The Corporal by Robert Minhinnick | Flash Fiction Month

Award-winning writer and environmental activist Robert Minhinnick offers the next contribution to Flash Fiction Month with The Corporal.

Just twenty, wasn’t he? Told me his twenty-first was in Pune.

And in his diary for Tuesday, May 8, 1945, he wrote:

 

Heard peace has been declared in Europe.      

Celebrations in evening. Bonfire and beer.

Had some fun. Day off.

 

On Tuesday, July 2, 1945, he saw a five foot cobra near the cookhouse. It was killed with rifles and revolver. Full of snakes, he found the forest. If you cut one open there’d be another snake inside. A snake might swallow an even bigger snake. I know he thought about that, lighting up. Something like that would make anybody think.

What was the worst one, then?

He thought a while.

Kraits, he said. The kraits were bad.

We’d been talking about the war in the jungle. He’d described how the other side hung microphones in the trees and taunted our side. He spoke about cobras and scorpions and the little tribal women who sold eggs and charged a packet of ten cigarettes for one egg. They were headhunters.

But my question was what any son would ask his father.

Did you ever kill anyone? I asked him.

He looked at me and smiled.

Yes, he said.

Yes?

Yes.

Yes!

He smiled again. And moved away.

Just twenty, wasn’t he?

Now, I don’t believe his answer. I don’t think he killed anybody. It doesn’t fit with the man I knew. The man who kept a mouthful of water unswallowed when the others were cursing thirst. Were dying of it.

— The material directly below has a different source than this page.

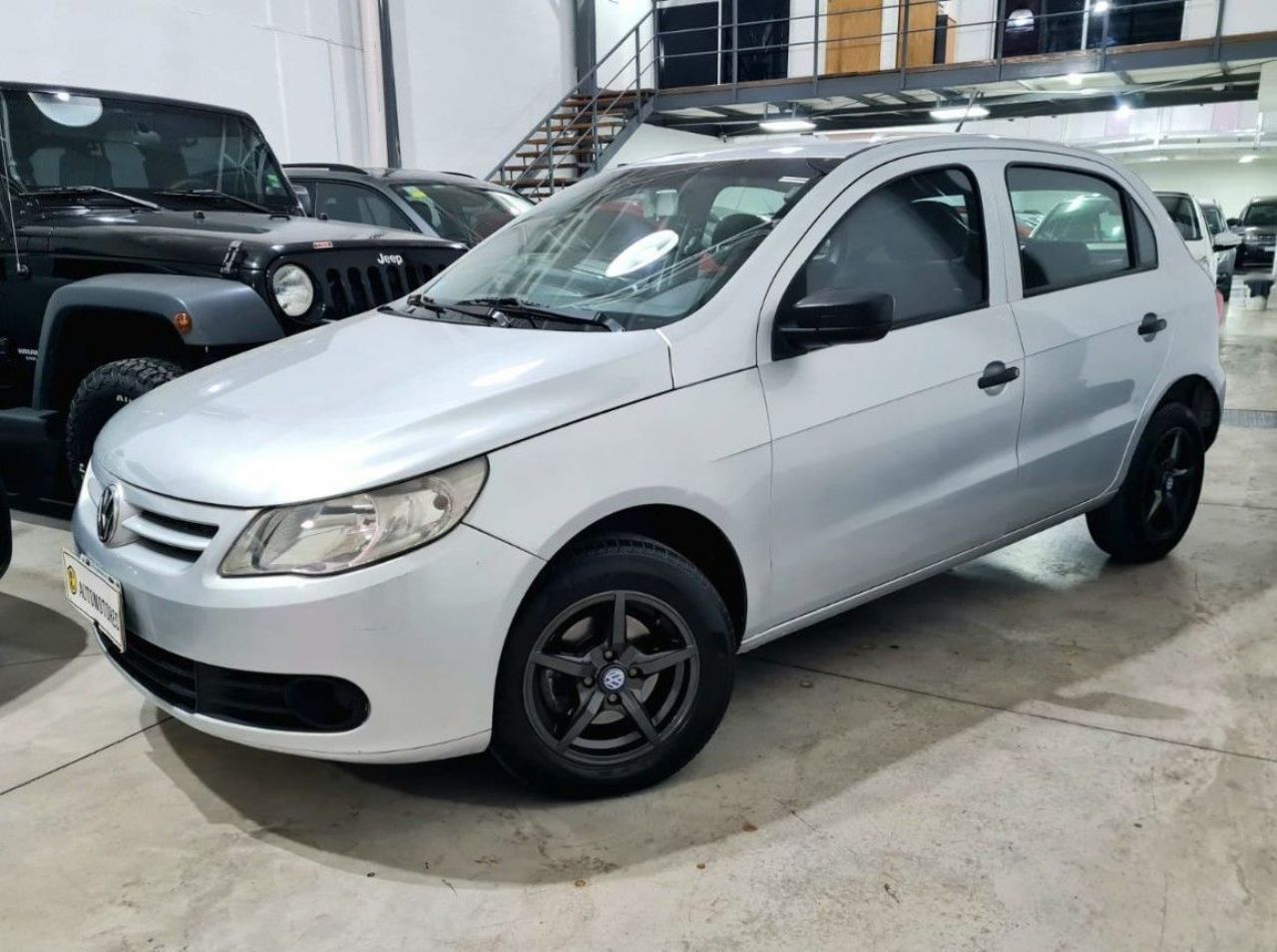 Volkswagen Gol Trend Usado en Mendoza, deRuedas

But bullet or bayonet? Maybe he’d thrown a grenade? Caught it and tossed it back like a cricket ball. They did that in films. He left university for that, knowing he had stories to write.

Yet maybe he had. Killed someone. A soldier on their side. Because he never boasted. Never wore his medals and instead allowed his children to lose them in the garden. Okay, he never liked the other side, hated their emperor, despised their jobs. But he was mysterious, this man. Perhaps he had pulled the trigger on a lucky shot. Or bayonet practice had saved his life. That man, emaciated in his demob suit, still to meet my mother. Yes, dead skinny, bored with signal exchange, waiting for the parcel of cigs and regarding the cobra by the cookhouse door. A cobra might be tall as a man when it stood up. The snake within the snake.

 

And a snake could move quicker than his arm, two foot six that arm unblued and unblemished from Mumbai to Mawchi, commando in the Welch in the forgotten Fourteenth, no hate, no love across knuckles or his clerk’s fingers, that radio man whose autobiography in morse I never learned.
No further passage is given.